I would like to add Unicode support to a C library I am maintaining. Currently it expects all strings to be passed in utf8 encoded. Based on feedback it seems windows usually provides 3 function versions.
fooA() ANSI encoded strings
fooW() Unicode encoded strings
foo() string encoding depends on the UNICODE define
Is there an easy way to add this support without writing a lot of wrapper functions myself? Some of the functions are callable from the library and by the user and this complicates the situation a little.
I would like to keep support for utf8 strings as the library is usable on multiple operating systems.

The foo functions without the suffix are in fact macros. The fooA functions are obsolete and are simple wrappers around the fooW functions, which are the only ones that actually perform work. Windows uses UTF-16 strings for everything, so if you want to continue using UTF-8 strings, you must convert them for every API call (e.g. with MultiByteToWideChar).
For the public interface of your library, stick to exactly one encoding, either UTF-16, UTF-32 or UTF-8. Everything else (locale-dependent or OS-dependent encodings) is too complex for the callers. You don't need UTF-8 to be compatible with other OSes: many platform-independent libraries such as ICU, Qt or the Java standard libraries use UTF-16 on all systems. I think the choice between the three Unicode encodings depends on which OS you expect the library will be used most: If it will mostly be used on Windows, stick to UTF-16 so that you can avoid all string conversions. On Linux, UTF-8 is a common choice as a filesystem or terminal encoding (because it is the only Unicode encoding with an 8-bit-wide character unit), but see the note above regarding libraries. OS X uses UTF-8 for its POSIX interface and UTF-16 for everything else (Carbon, Cocoa).
Some notes on terminology: The words "ANSI" and "Unicode" as used in the Microsoft documentation are not in accordance to what the international standard say. When Microsoft speaks of "Unicode" or "wide characters", they mean "UTF-16" or (historically) the BMP subset thereof (with one code unit per code point). "ANSI" in Microsoft parlance means some locale-dependent legacy encoding which is completely obsolete in all modern versions of Windows.
If you want a definitive recommendation, go for UTF-16 and the ICU library.

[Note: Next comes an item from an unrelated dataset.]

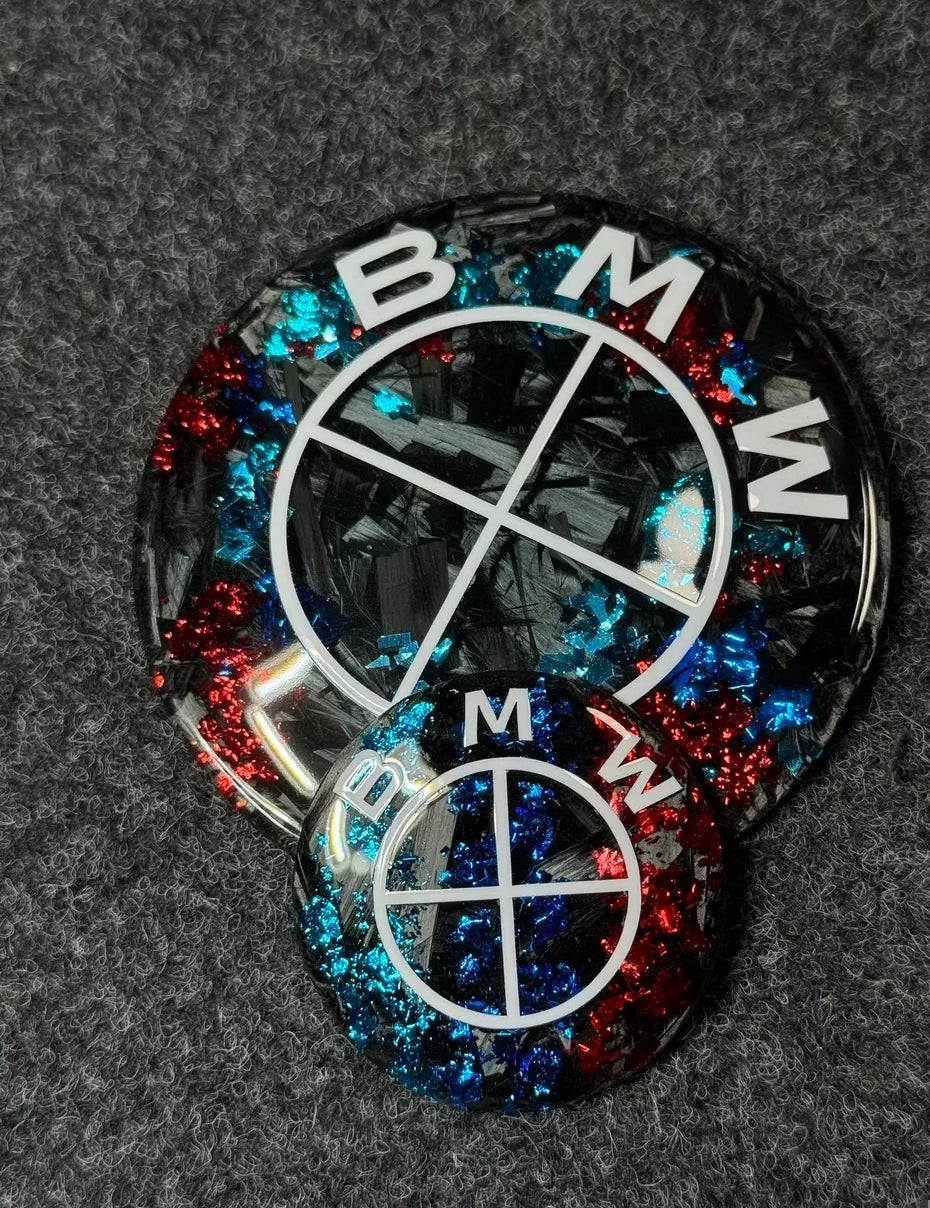 Badge BMW bleue et rouge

Since your library already requires UTF-8 encoded strings, then it is already fully Unicode enabled, as UTF-8 is a loss-less Unicode encoding. If you are wanting to use your library in an environment that normally uses UTF-16 or even UTF-32 strings, then it could simply encode to, and decode from, UTF-8 when talking with your library. Otherwise, your library would have to expose extra UTF-16/32 functions that do those encoding/decoding operations internally.